Initially, President Biden included gradually raising the federal minimum wage to $15 an hour. The minimum wage increase faces an uphill climb, and even Biden has conceded it likely won’t survive.

“The Congressional Budget Office estimates that would result in 1.4 million Americans being unemployed,” Cassidy said. “When I speak to these small employers, a restaurant for example, barely hanging on with COVID, if they had to start raising the ages of their staff they would just close their doors. So instead of having a job with a higher minimum wage some would not have job whatsoever. That’s not really what we are shooting for. We are shooting for full employment where the best stimulus check is a paycheck. We also know statistically when people are working they do better in other parts of their life. So putting in a policy that leaves 1.4 million people unemployed and millions of businesses potentially out of business I think is bad policy.

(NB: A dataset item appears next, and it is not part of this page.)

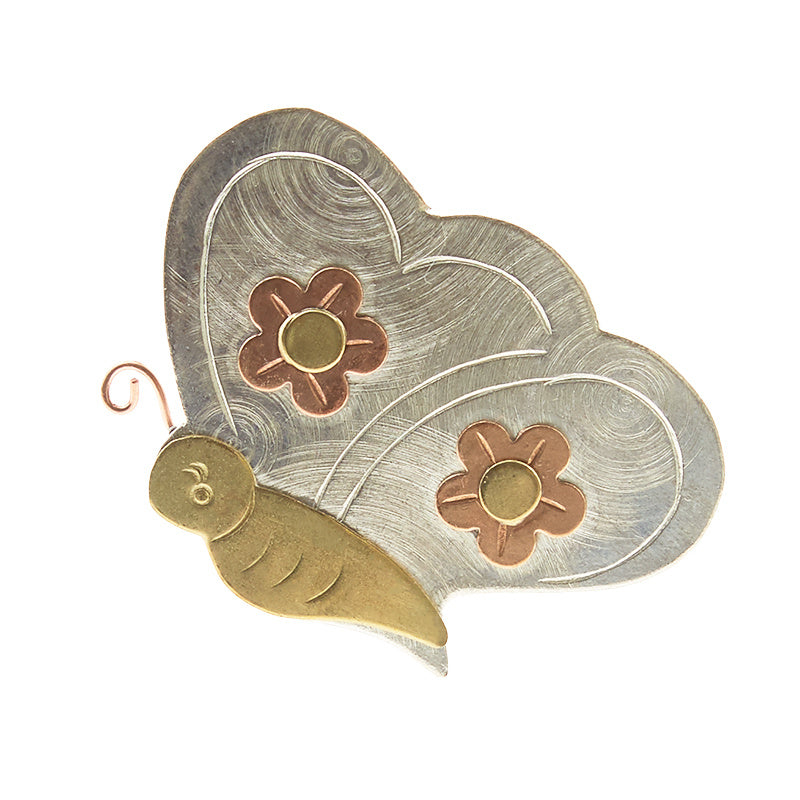 Butterfly Magnetic Needle Nanny Primary Image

“Related to that, the President recently cancelled the Keystone XL Pipeline,” Cassidy said. “This executive order by President Biden singlehandedly eliminated 11,000 jobs. My concern is these good paying jobs are still going to be somewhere in the world. They just won’t be in the United States and the more we shift energy jobs overseas, where there are less stringent environmental standards, global greenhouse gas emissions actually increase.”

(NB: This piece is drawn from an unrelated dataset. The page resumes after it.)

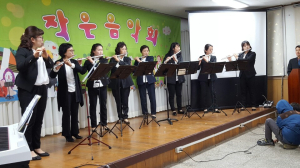 봉화 재산면, 따뜻한 작은 음악회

According to Snopes, “In October 2020, TC Energy, the firm behind the pipeline, projected that it would hire 11,000 people to work on the pipeline in the coming year. Additionally, two union leaders said 1,000 members would immediately lose their jobs and another 10,000 future positions will no longer exist, totaling 11,000, as a result of Biden’s order. However, there was no evidence to definitely prove if, or to what extent, 11,000 positions would have been filled without Biden’s order, considering multiple hurdles for pipeline proponents. The exact number of jobs eliminated, or employment opportunities that were planned for but won’t be created because of Biden’s decision, remained unknown.”

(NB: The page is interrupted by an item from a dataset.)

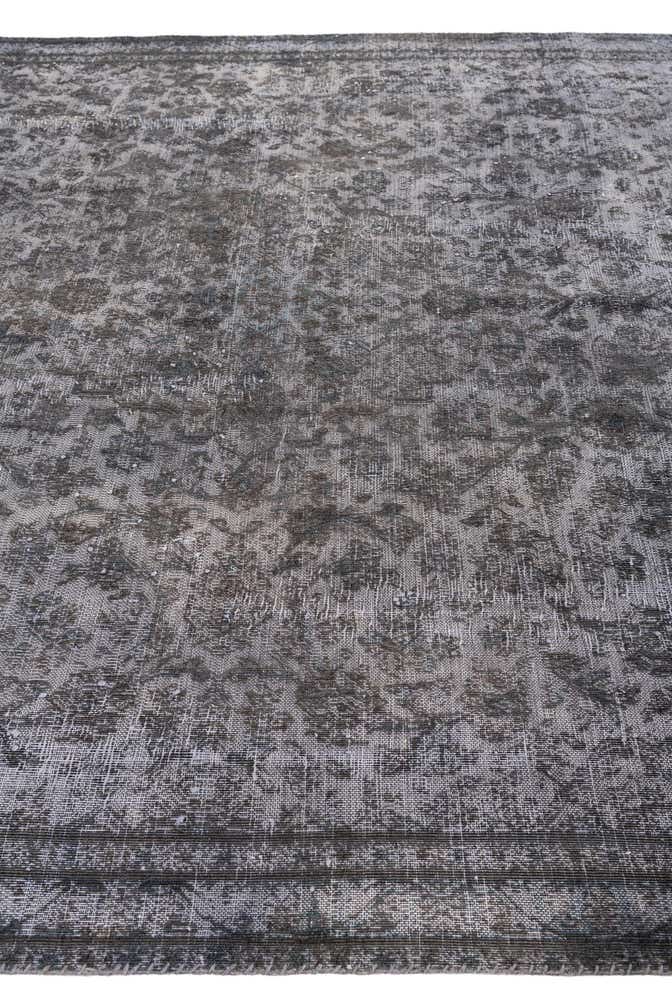 7' x 10' 4 Hand Knotted Ultra Vintage Persian Wool Rug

Sen. Cassidy says he has spoken with Acting Secretary of Energy David G. Huizenga, Acting Secretary of Labor Al Stewart and Acting Secretary of the Interior Scott de la Vega on his disapproval of the Biden administration’s canceling of the Keystone XL Pipeline and his moratorium on gas and oil leases on federal lands and waters.

He says when it comes to clean energy, he advocates for creating jobs on the gulf coast.

“For example, we should take the natural gas produced on the Outer Continental Shelf, take the hydrogen atoms out of the methane, make hydrogen molecules for clean burning hydrogen cell fuels and then sequester the carbon beneath the ground. It is an almost zero carbon impact, but at the same time begins to push boats and 18-wheelers by hydrogen cells. We are ideally situated for that in Louisiana. I’m making a big push for that.”

Sen. Cassidy says he spoke to Governor John Bel Edwards a week ago and they are working on creating a common strategy to work with the Biden administration

Sen. Cassidy also spoke on the Super Bowl, where Louisiana football players played for both the Kansas City Chiefs and the Tampa Bay Buccaneers. The Bucs ended up beating the Chiefs 31-9.

“(LSU) Tigers on both sides,” Cassidy said. “Players from other Louisiana teams on both sides. I call it the Louisiana Super Bowl Championship and inevitably, because we have Louisiana folks on both sides, Louisiana was going to win.”